## WHAT IS NEEDED
Take the entries that follow and return exactly the lines from the one holding "8422 LITTLE NCK PKWY" through the one holding "High Teal Color-Change Sapphire : SAP0471", both included. Nothing else is needed.

## LISTED RECORDS
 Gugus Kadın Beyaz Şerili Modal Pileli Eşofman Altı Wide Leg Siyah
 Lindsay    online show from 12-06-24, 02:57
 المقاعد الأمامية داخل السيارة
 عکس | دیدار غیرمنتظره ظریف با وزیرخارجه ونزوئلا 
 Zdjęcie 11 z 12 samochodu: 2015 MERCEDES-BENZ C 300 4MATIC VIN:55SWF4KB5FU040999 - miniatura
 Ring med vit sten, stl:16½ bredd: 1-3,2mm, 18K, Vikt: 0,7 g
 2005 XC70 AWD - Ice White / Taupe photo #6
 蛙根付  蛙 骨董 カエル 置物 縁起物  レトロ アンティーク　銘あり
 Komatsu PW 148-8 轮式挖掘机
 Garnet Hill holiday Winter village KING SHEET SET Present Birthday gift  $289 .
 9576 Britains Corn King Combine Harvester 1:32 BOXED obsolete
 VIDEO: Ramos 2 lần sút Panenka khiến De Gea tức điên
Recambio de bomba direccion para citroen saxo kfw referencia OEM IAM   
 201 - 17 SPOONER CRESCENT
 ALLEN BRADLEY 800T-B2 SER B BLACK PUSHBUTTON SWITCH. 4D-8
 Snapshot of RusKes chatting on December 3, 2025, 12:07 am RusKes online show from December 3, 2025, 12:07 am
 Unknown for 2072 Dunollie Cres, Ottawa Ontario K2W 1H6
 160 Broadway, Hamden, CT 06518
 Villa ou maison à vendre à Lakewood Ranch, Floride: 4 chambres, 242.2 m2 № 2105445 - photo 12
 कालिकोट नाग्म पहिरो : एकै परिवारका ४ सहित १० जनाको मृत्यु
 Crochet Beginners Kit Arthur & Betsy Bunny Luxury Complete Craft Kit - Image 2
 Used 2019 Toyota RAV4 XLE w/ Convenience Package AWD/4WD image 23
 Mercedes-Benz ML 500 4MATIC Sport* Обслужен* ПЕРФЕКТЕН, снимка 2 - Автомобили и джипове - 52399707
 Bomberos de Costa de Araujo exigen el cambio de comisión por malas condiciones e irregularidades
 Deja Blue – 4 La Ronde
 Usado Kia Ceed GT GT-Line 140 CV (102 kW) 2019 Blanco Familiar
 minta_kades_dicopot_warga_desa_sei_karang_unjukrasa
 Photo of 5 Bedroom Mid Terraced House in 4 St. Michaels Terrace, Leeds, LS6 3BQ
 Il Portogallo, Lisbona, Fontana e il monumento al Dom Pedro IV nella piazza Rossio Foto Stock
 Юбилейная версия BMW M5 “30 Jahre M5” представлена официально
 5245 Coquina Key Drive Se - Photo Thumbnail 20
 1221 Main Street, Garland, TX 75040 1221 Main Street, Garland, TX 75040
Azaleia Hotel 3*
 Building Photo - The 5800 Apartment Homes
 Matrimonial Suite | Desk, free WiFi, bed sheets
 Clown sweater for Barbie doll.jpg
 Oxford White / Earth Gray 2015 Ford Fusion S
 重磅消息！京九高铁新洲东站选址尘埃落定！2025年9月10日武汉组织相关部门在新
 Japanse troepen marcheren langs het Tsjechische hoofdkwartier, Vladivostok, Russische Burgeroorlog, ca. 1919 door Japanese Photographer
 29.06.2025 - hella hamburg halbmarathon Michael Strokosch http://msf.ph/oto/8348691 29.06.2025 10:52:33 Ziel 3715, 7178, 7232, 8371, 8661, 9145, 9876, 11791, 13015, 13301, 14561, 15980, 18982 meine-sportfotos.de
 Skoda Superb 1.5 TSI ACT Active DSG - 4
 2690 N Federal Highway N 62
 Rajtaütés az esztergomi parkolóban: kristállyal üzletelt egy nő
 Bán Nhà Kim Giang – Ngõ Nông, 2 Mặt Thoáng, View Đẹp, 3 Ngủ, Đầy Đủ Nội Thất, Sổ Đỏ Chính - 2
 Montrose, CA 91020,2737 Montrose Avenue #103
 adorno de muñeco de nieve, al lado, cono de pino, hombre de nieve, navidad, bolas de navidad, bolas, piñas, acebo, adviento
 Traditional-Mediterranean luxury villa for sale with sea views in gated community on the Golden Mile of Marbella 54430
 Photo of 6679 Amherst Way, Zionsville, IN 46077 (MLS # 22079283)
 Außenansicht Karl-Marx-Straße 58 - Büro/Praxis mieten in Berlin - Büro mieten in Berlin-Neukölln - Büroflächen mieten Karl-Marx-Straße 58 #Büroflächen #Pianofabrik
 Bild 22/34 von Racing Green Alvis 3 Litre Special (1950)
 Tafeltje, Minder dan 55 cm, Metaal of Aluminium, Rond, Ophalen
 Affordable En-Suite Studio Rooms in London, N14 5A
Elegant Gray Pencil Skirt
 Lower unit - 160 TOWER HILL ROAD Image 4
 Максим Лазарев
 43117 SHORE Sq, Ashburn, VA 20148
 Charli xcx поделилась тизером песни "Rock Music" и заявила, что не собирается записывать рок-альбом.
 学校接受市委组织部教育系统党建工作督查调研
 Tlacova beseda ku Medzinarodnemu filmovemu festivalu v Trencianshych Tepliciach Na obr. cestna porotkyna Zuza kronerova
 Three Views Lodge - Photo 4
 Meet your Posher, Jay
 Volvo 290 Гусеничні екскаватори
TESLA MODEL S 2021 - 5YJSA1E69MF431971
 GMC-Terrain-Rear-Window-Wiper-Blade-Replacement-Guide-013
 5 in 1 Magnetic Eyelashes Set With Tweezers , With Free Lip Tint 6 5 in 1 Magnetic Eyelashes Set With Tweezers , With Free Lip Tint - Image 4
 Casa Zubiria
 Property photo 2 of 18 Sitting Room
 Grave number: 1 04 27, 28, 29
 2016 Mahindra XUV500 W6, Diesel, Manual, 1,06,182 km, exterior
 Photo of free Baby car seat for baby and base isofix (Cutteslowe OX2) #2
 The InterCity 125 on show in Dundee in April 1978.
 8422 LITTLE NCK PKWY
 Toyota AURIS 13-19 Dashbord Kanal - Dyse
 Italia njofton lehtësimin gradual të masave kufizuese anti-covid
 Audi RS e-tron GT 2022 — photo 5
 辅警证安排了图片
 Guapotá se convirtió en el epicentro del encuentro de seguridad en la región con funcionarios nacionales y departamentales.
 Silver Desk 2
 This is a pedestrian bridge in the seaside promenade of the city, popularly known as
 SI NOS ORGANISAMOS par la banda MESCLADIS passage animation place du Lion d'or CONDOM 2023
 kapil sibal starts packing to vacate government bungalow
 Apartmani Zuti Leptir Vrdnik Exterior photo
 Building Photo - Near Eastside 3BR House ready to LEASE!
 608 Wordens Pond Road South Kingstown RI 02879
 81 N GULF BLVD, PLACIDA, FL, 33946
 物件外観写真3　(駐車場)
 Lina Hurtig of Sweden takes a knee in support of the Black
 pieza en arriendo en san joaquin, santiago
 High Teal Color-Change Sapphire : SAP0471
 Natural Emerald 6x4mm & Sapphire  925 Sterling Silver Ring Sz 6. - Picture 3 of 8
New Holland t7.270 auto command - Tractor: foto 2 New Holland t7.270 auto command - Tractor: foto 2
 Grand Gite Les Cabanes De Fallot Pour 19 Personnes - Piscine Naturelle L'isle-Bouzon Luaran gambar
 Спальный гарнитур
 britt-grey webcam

## WORKED SOLUTION
 8422 LITTLE NCK PKWY
 Toyota AURIS 13-19 Dashbord Kanal - Dyse
 Italia njofton lehtësimin gradual të masave kufizuese anti-covid
 Audi RS e-tron GT 2022 — photo 5
 辅警证安排了图片
 Guapotá se convirtió en el epicentro del encuentro de seguridad en la región con funcionarios nacionales y departamentales.
 Silver Desk 2
 This is a pedestrian bridge in the seaside promenade of the city, popularly known as
 SI NOS ORGANISAMOS par la banda MESCLADIS passage animation place du Lion d'or CONDOM 2023
 kapil sibal starts packing to vacate government bungalow
 Apartmani Zuti Leptir Vrdnik Exterior photo
 Building Photo - Near Eastside 3BR House ready to LEASE!
 608 Wordens Pond Road South Kingstown RI 02879
 81 N GULF BLVD, PLACIDA, FL, 33946
 物件外観写真3　(駐車場)
 Lina Hurtig of Sweden takes a knee in support of the Black
 pieza en arriendo en san joaquin, santiago
 High Teal Color-Change Sapphire : SAP0471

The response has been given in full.